Review by Sean Boelman
A lot of indie filmmakers like to take high-concept ideas like the end of the world and turn them into low-concept dramas. Mylissa Fitzsimmons’s Everything in the End resulted from such a process, and the result is a touching, if occasionally overwritten film meditation on human interactions.
The movie follows a young man who is stranded in an Icelandic village in the days leading up to the destruction of Earth, connecting with people he meets along the way. It’s really just a series of conversations that the protagonist has with a series of interesting characters, but it’s an interesting exercise in exploring what makes us human.
At only seventy-four minutes in length, the film doesn’t overstay its welcome. The way that the movie is structured is nice, moving through the landscape and people as the threat of the end looms over. Yet unlike a lot of films that build to the apocalypse, this feels relaxed rather than urgent, taking joy in the opportunities of connection as opposed to panicking over the things being lost.
There are various bits of wisdom sprinkled throughout the many conversations that the characters have, but the movie really seems to want the viewer to slow down and take in the beauty of the world and people around them. And in a world in which we have been separated from our fellow man for what feels like an eternity, this message rings particularly true.
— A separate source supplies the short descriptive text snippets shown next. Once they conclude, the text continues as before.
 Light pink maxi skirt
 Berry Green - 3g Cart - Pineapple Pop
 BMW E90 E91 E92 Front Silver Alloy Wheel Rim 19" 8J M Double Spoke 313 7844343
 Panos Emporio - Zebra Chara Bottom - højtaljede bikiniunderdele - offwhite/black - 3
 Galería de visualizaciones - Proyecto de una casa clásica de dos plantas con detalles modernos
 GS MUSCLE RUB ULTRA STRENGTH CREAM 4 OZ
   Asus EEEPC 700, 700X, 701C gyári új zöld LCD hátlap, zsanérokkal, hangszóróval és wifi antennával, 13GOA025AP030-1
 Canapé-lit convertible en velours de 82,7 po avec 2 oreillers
Admittedly, the film does have some weaknesses with its character development. The protagonist is compelling, but his arc is extremely conventional, wrapping up with an ending that ties everything into a bow a little too nicely. However, there is a moment in the movie featuring a mother and son duo that is absolutely wonderful thanks to the way in which they are written.
Lead actor Hugo de Sousa does a lot of work in carrying this film, and he is phenomenal. It’s a performance that is somehow both active and reactionary, bringing emotion to the character in a way that is consistently effective. There are also some great players in the supporting cast, but they all serve to accent de Sousa’s performance.
This is a breathtaking movie that takes full advantage of the Icelandic scenery. That said, perhaps the most impressive thing about the film is that the foreign language portions are not subtitled. It’s an ambitious choice that probably won’t last long (when this gets distribution, it will likely be forced to include the translation) that really emphasizes the tone and emotion of these moments.
Everything in the End is a lovely little movie, and while it does (somewhat ironically) blow up a bit at the ending, it’s a mostly powerful watch. This is the type of art house gem that film festival audiences love to see.
Everything in the End is now streaming online as a part of the 2021 Florida Film Festival, which runs April 8-22 in Orlando, FL.